- Relator(a)
- Ministra Laurita Vaz
- Órgão julgador
- Sexta Turma
- Data do julgamento
- 13/09/2022
- Data de publicação
- 19/09/2022
STJ – Acórdão, Rel. Ministra Laurita Vaz, Sexta Turma, j. 13/09/2022, p. 19/09/2022
AGRAVO REGIMENTAL NO HABEAS CORPUS. PENAL. TRÁFICO ILÍCITO DE DROGAS. APLICAÇÃO DA PENA. CAUSA ESPECIAL DE DIMINUIÇÃO DE PENA PREVISTA NO § 4.º DO ART. 33 DA LEI N. 11.343/2006. QUANTIDADE E NATUREZA DO ENTORPECENTE E OUTRAS CIRCUNSTÂNCIAS DO CASO CONCRETO. FUNDAMENTAÇÃO IDÔNEA. IMPOSSIBILIDADE DE REVOLVIMENTO FÁTICO PROBATÓRIO. FIXAÇÃO DO REGIME INICIAL FECHADO. AUSÊNCIA DE CONSTRANGIMENTO ILEGAL. AGRAVO DESPROVIDO. 1. São condições para que o condenado faça jus à aplicação da causa de diminuição da pena prevista no § 4.º do art. 33 da Lei n. 11.343/2006: ser primário, ter bons antecedentes e não se dedicar a atividades criminosas ou integrar organizações criminosas.
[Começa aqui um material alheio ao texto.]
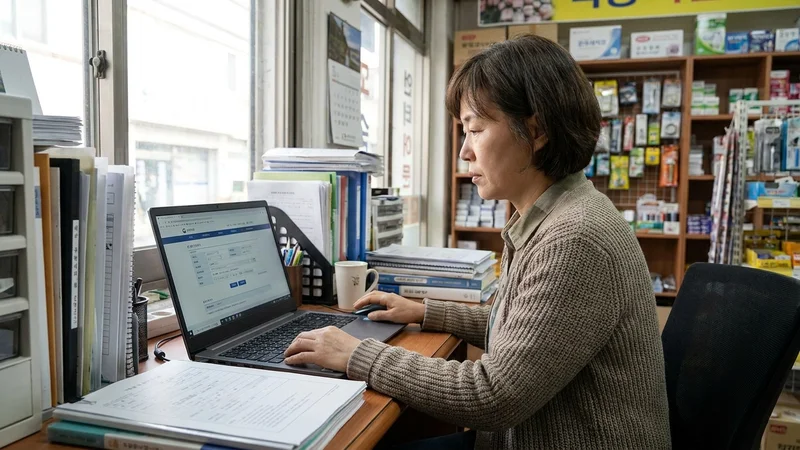 소상공인 정책자금 융자 신청서를 작성하는 40대 자영업자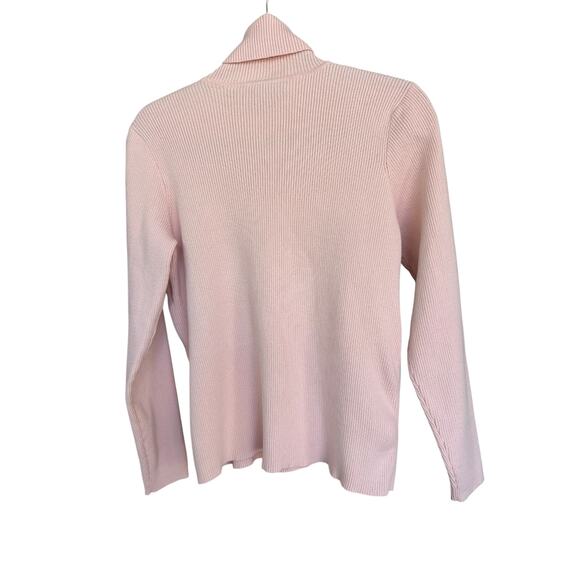 Lauren Ralph Lauren Women's Pink Ribbed Turtleneck Size XL - Picture 6 of 6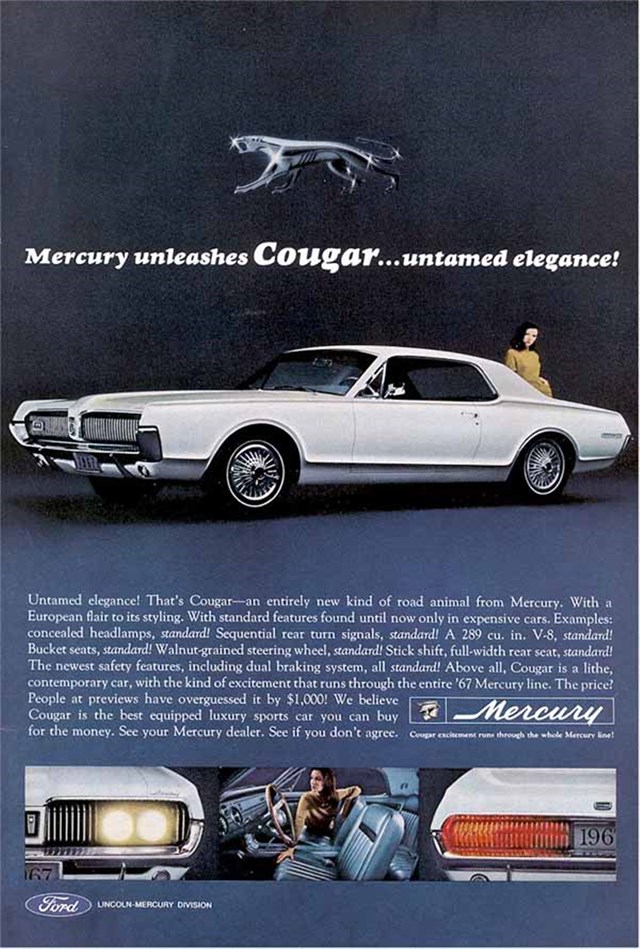 Mercury Cougar 1967 #787 publicidad impresa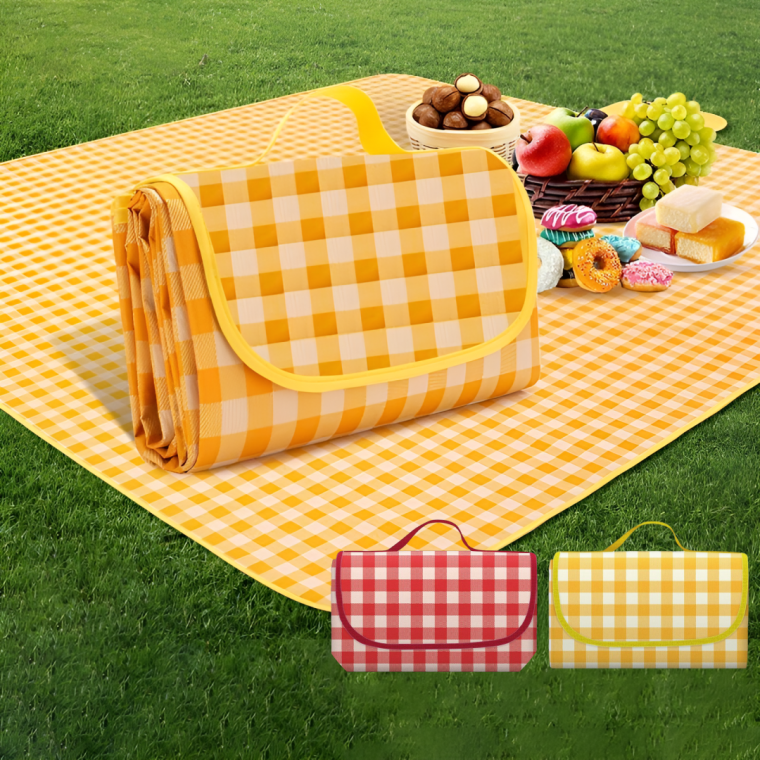 방수매트 돗자리 접이식 파우치형 체크패턴 나들이 캠핑 피크닉매트 대형 200x200cm 7,320원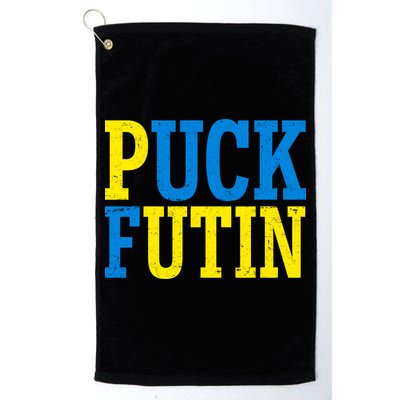 Funny Puck Futin Stand WIth Ukraine Golf Towel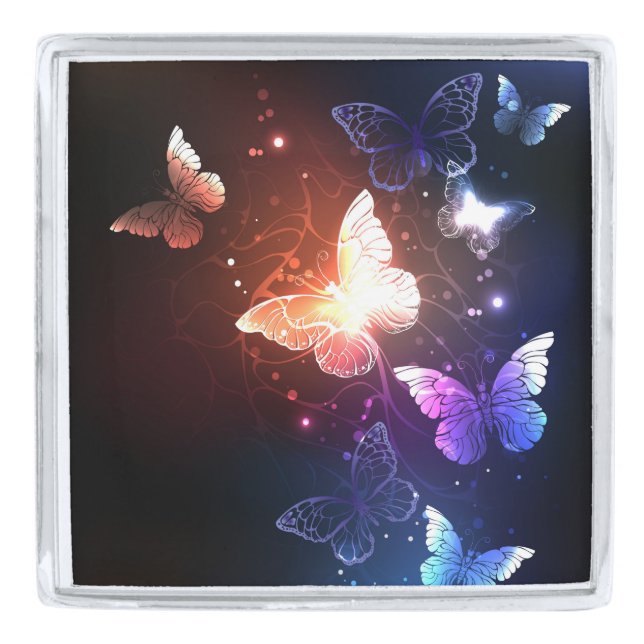 Glowing Night Butterflies Silver Finish Lapel Pin (Front)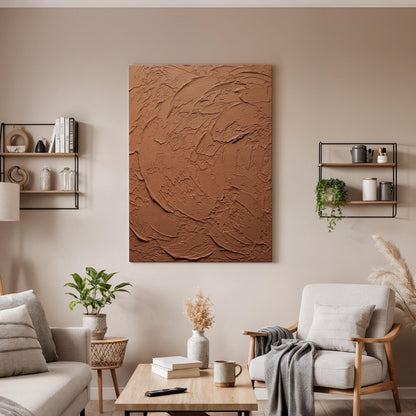 Textured Earth Tone Framed Canvas Art, Minimal Abstract Plaster Wall Decor, Warm Neutral Modern Artwork, Contemporary Framed Home Art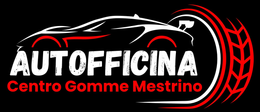Logo AUTOFFICINA su sfondo nero, bianco e rosso con sagoma di auto e grafica di pneumatico, 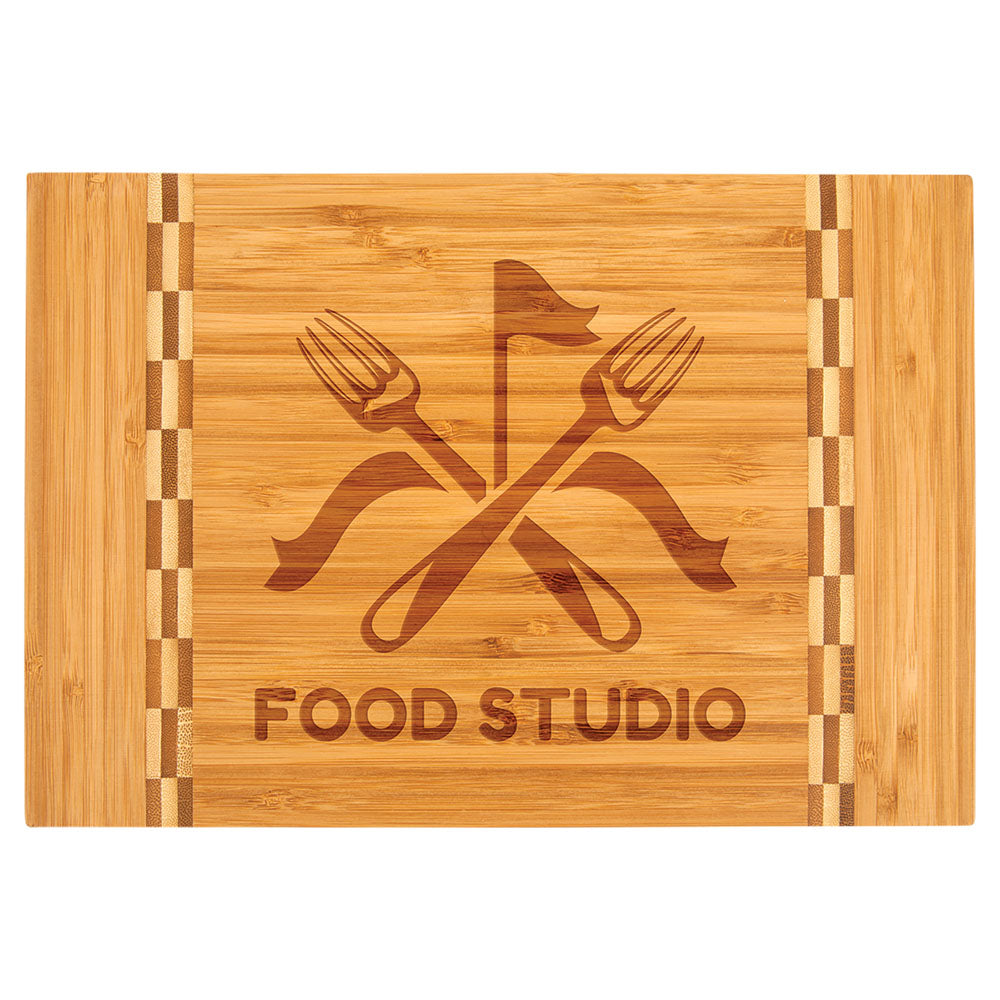 Personalized Laser Engraved 12" x 8 1/4" Bamboo Cutting Board with Butcher Block Inlay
Esses requisitos precisam ser preenchidos conjuntamente. 2. Hipótese em que a minorante prevista no art. 33, § 4.º, da Lei n. 11.343/2006 foi afastada com a justificativa de que o Agravante se dedicava a atividades criminosas não somente pela elevada quantidade e natureza da droga apreendida, mas também em razão das circunstâncias concretas da prática delitiva, o que denota a sua dedicação à atividade criminosa. 3. Nesse contexto, não é possível desconstituir a conclusão da Jurisdição ordinária sobre a dedicação do Acusado à atividade criminosa e, por conseguinte, reconhecer a causa de redução de pena prevista no art. 33, § 4.º, da Lei de Drogas, notadamente por ser vedado, no âmbito do habeas corpus, revolver o contexto fático-probatório dos autos. Precedentes. 4. A despeito da fixação da pena-base no mínimo legal e de ter sido estabelecida a sanção definitiva do Acusado em 5 (cinco) anos de reclusão, a gravidade concreta do delito, evidenciada pela expressiva quantidade e pela natureza da droga apreendida, justificam o estabelecimento do regime inicial fechado. Precedentes. 5. Agravo regimental desprovido. (AgRg no HC n. 762.354/SP, relatora Ministra Laurita Vaz, Sexta Turma, julgado em 13/9/2022, DJe de 19/9/2022.)